_Problem details_
Reproduce verbatim the line containing "Cabecero de cama" and every line that follows it through the end of the entries below, omitting all pictures.

_Captioned web images_
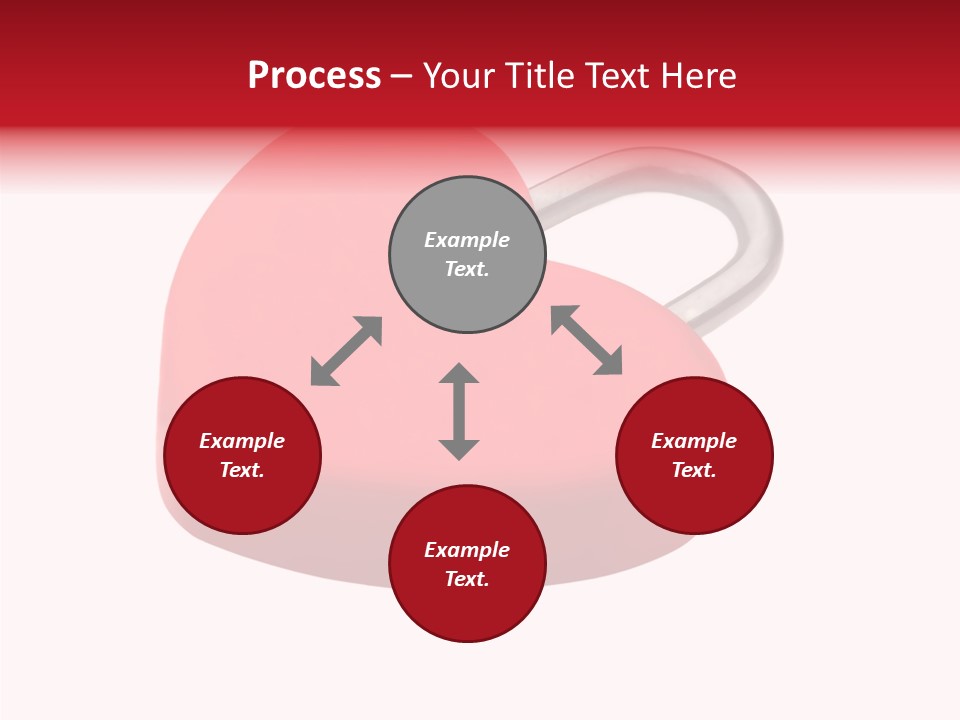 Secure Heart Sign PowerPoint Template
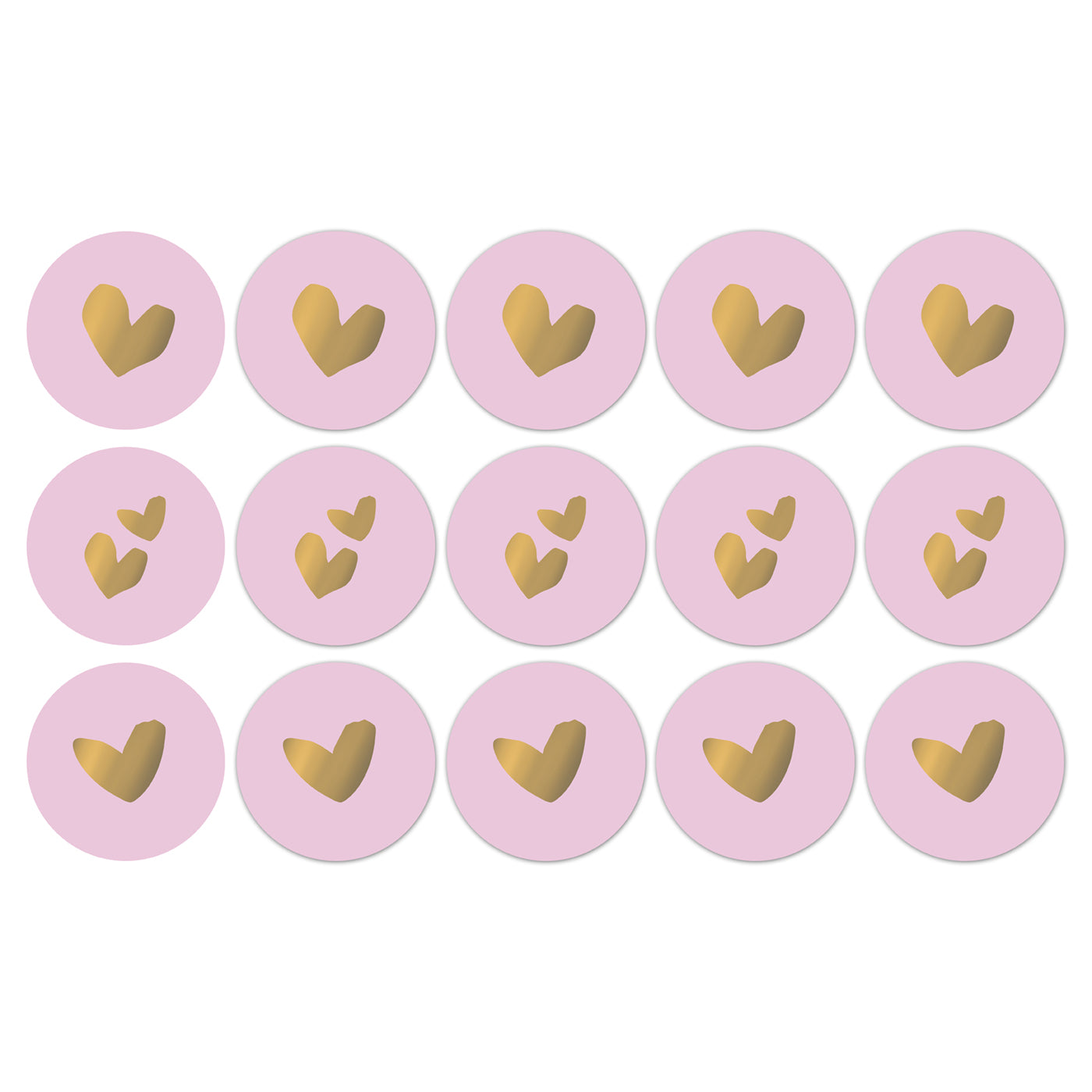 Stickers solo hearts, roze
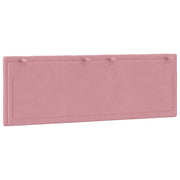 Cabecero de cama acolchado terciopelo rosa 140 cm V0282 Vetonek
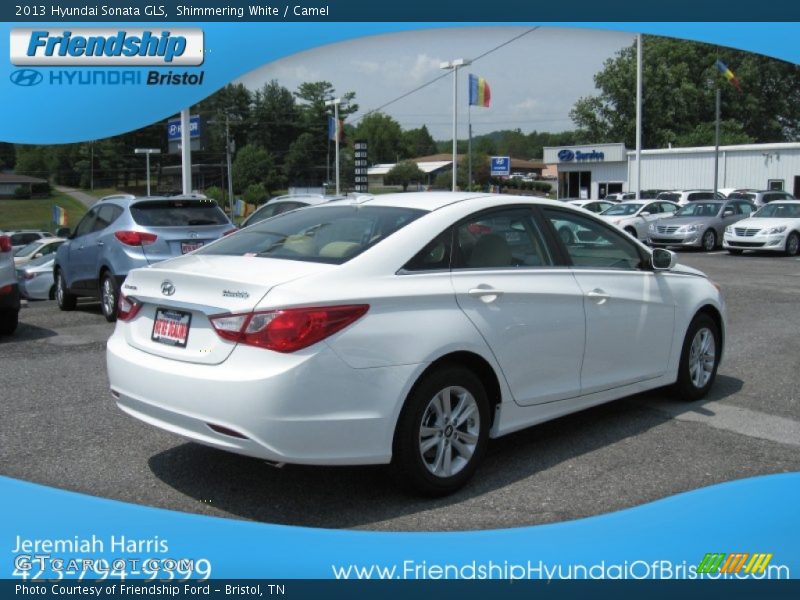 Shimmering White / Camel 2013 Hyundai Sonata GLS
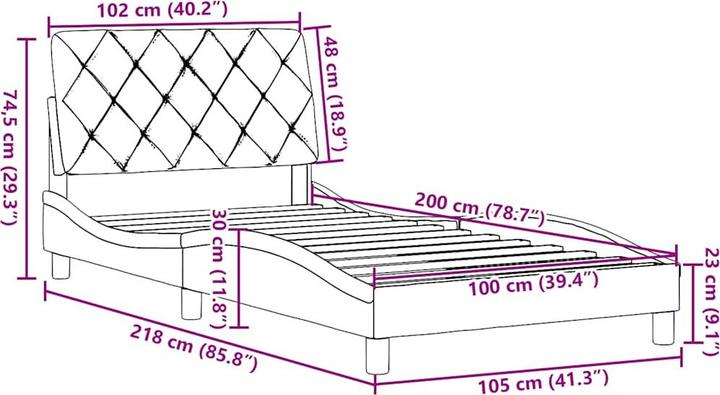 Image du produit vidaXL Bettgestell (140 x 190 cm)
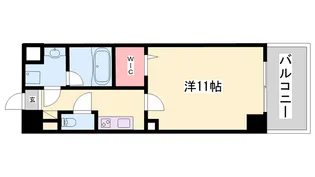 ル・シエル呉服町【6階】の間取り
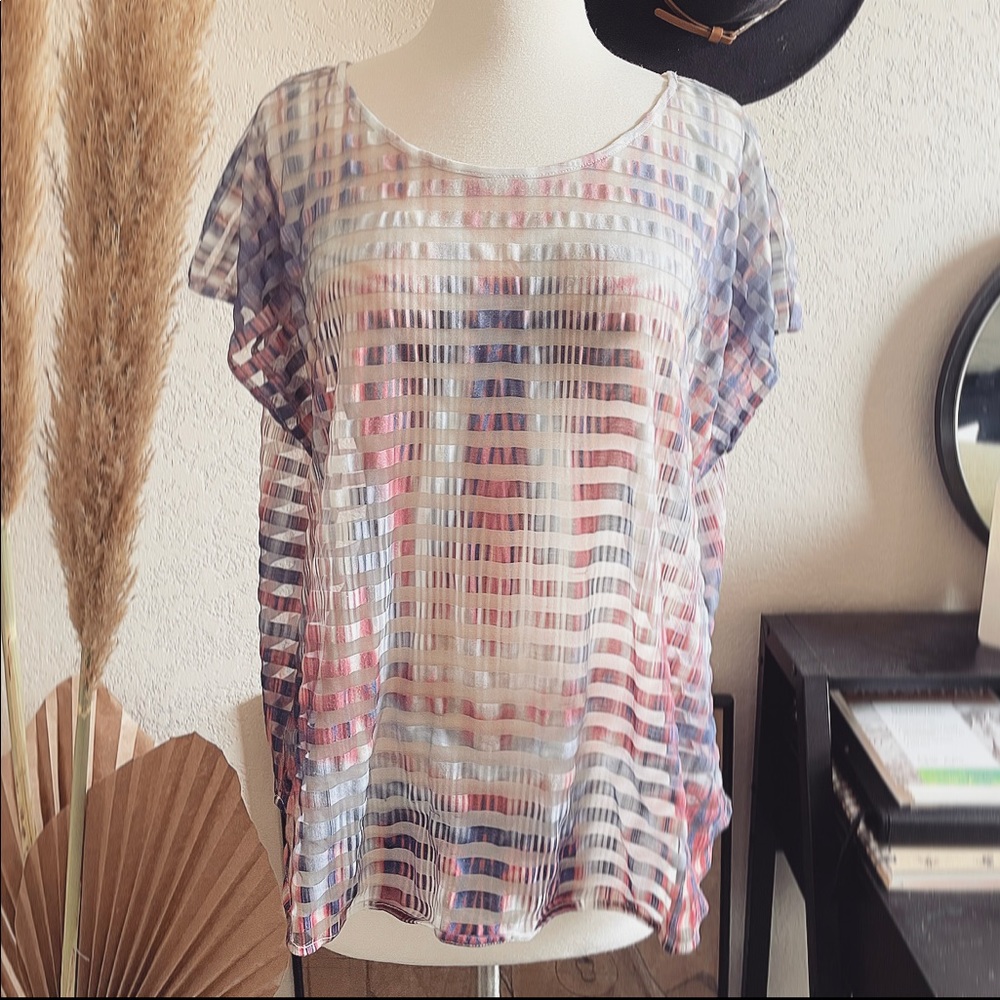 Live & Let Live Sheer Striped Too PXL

_Finished task_
 Cabecero de cama acolchado terciopelo rosa 140 cm V0282 Vetonek
 Shimmering White / Camel 2013 Hyundai Sonata GLS
 Image du produit vidaXL Bettgestell (140 x 190 cm)
 ル・シエル呉服町【6階】の間取り
 Live & Let Live Sheer Striped Too PXL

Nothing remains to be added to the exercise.